Henderson originated the role of Pops Off-Broadway eight years ago and is now playing it again on Broadway at the Helen Hayes Theatre. Despite an initial hesitation to revisit Pops, Henderson was convinced to join the Broadway run when his son said, “Dad, it’s your first principal role on Broadway. Stephen wrote the role with you in mind.” Since the play’s Off-Broadway run at Second Stage in 2015, Henderson has changed—as has his approach to Pops. A widowed ex-cop with a son recently out of jail, Pops lives in a rent-stabilized apartment which increasingly looks like an abandoned palace. Facing pressures from the city, the landlord, and the NYPD, Pops has a lot for an actor to dig into.
Previously, Henderson focused on Pops being a widower. Since 2020, however, society has begun larger conversations about police brutality, which has influenced Henderson’s conception of his character. “You take a lot as an African American policeman.
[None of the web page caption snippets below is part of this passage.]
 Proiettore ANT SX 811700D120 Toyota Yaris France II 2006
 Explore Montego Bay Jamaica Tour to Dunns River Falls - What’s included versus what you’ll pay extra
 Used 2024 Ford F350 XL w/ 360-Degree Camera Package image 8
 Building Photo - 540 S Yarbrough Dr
You take some flak from certain parts of your own family—there’s some people who don’t see policemen as there to protect and serve,” explains Henderson. “Now, policemen see themselves as there to protect and serve, almost to the extent that they’re blind to when they’re not [protecting and serving]. So more of it now for me is about having been duped, thinking that I was doing something very noble and right.”
Shifting his approach has changed how Henderson views Pops’ relationship with his son Junior, played by the Grammy-winning rapper Common in his Broadway debut. “Before, it was the death of [Junior's mother] that affected the relationship. Now I realize it is how tough it was on him to be the son of a policeman. He was running in the streets, [doing] stuff that wasn’t righteous,” Henderson shares. How are the two actors creating that fraught father-son relationship? “You don’t build a tense relationship,” Henderson explains, “you build love, then you throw a monkey wrench in it.”
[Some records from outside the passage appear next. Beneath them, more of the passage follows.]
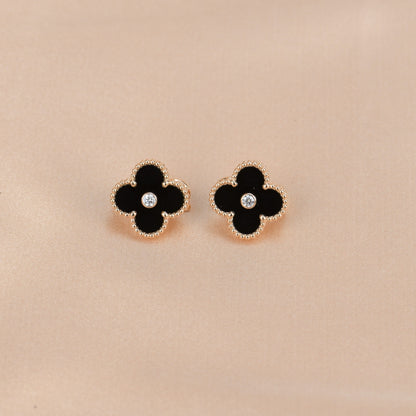 [Rose Jewellery]CLOVER MEDIUM 1 MOTIFS ONYX DIAMOND EARRINGS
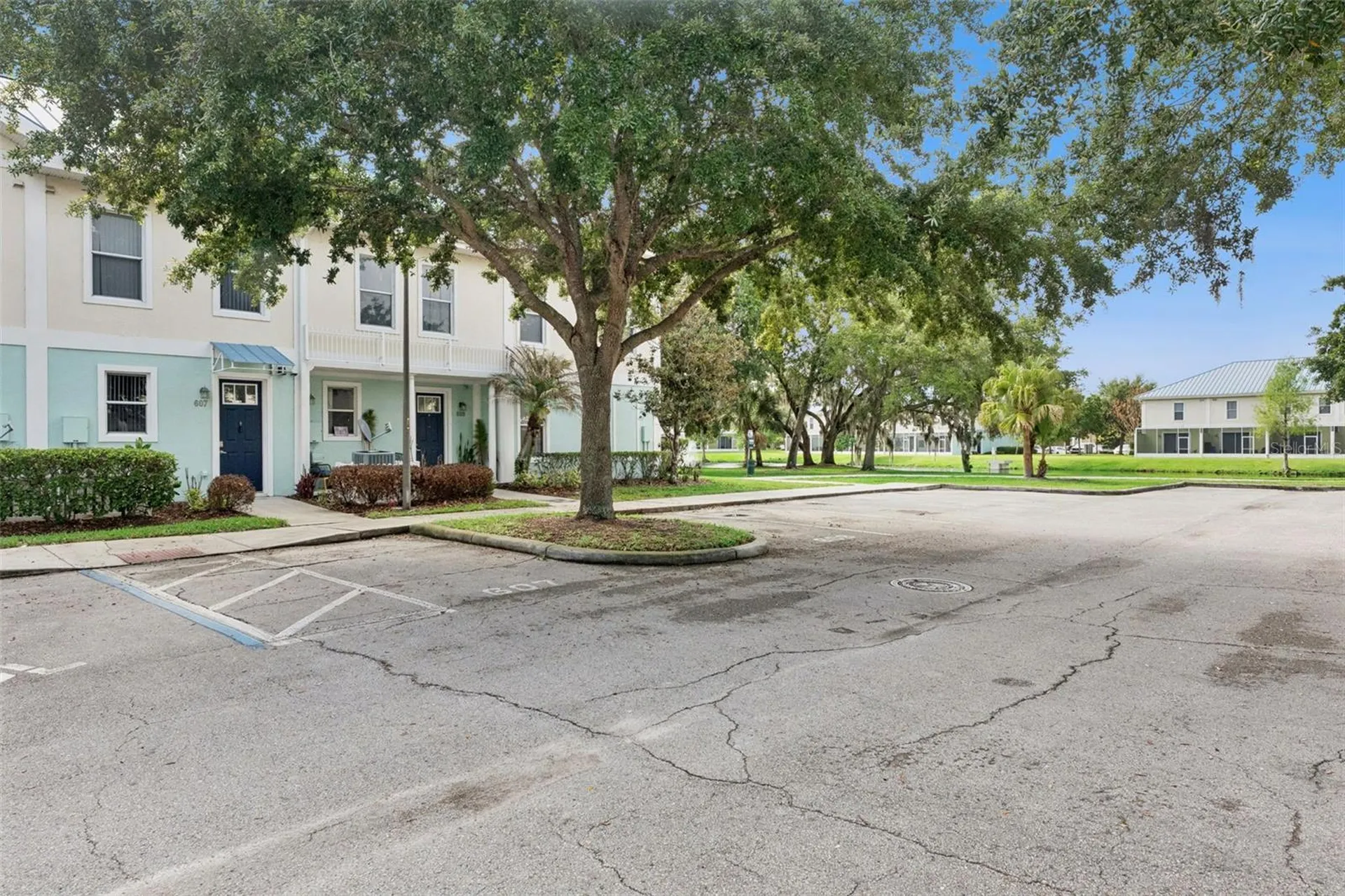 607 Fairmont Place Kissimmee FL 34744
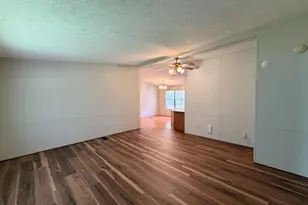 8000 Peach Blossom Ln, Apex, NC 27539 - Photo 3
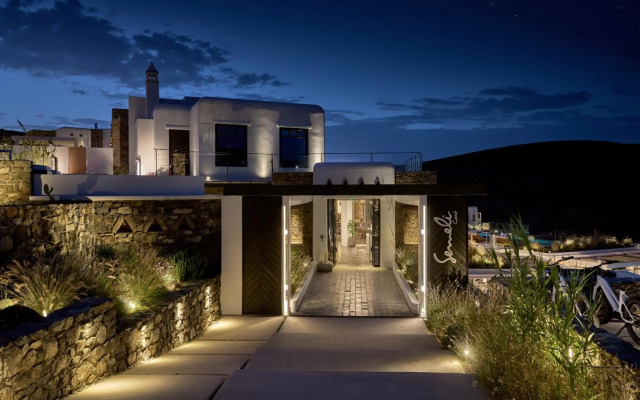 Semeli Coast Mykonos, Curio Collection by Hilton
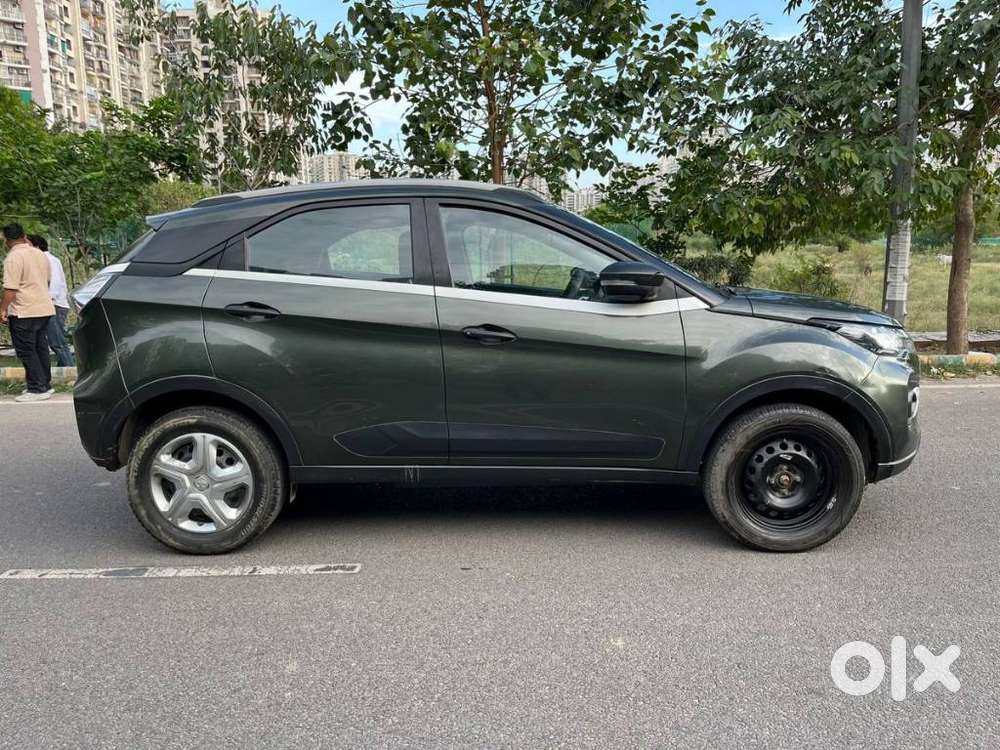 Tata Nexon 1.2 Revotron Xma Amt (s), 2021, Petrol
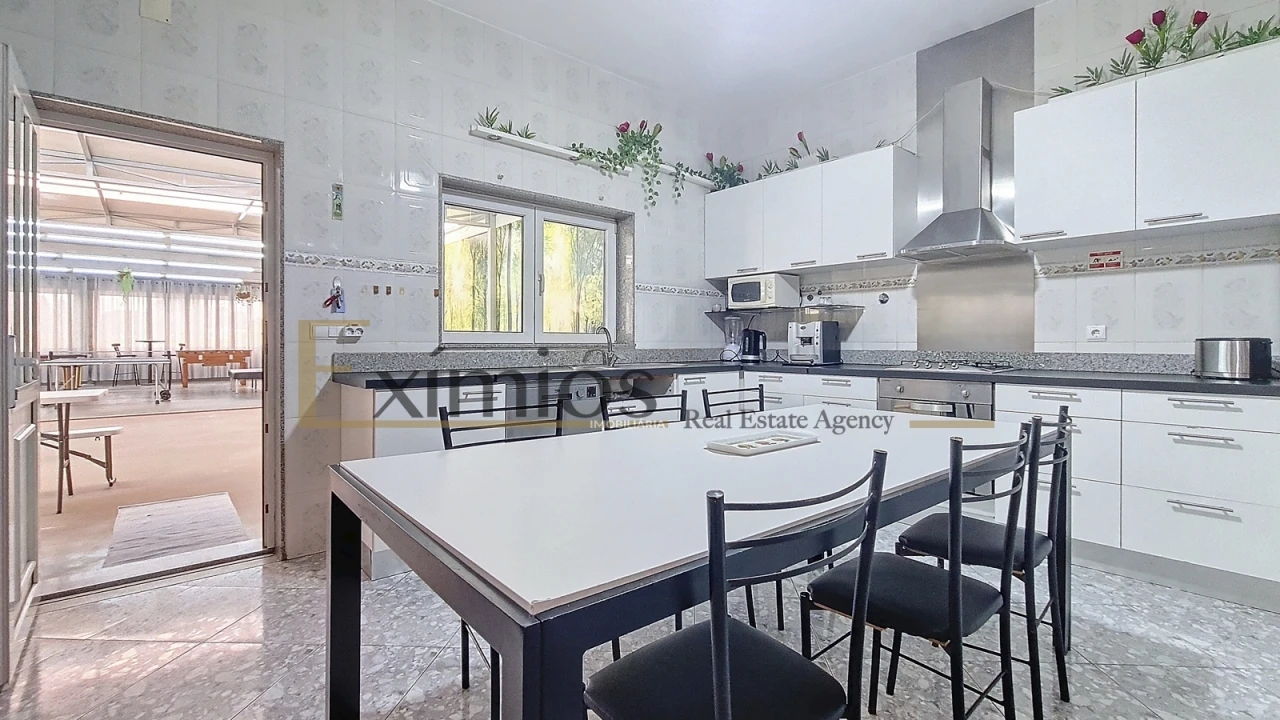 Moradia T4 para Venda em Rio Mau e Arcos Foto 3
Their journey ultimately hinges upon reconciliation, says Henderson, as Pops realizes that he bears some blame and was “complicit in” his son’s unfortunate life trajectory: “I think [the play] is saying there’s life, there’s hope, that it’s never too late, that forgiveness can come, and one of the most important forms of forgiveness is forgiving oneself.”
This focus on forgiveness and accountability captures something Henderson finds so compelling about Between Riverside and Crazy (and probably why it won a Pulitzer Prize for Drama). “This is why Stephen is such a great playwright, it’s the human side of it,” he praises. “It’s not just a discussion about social justice or injustice, this or that. It’s discussing that through interpersonal relations.”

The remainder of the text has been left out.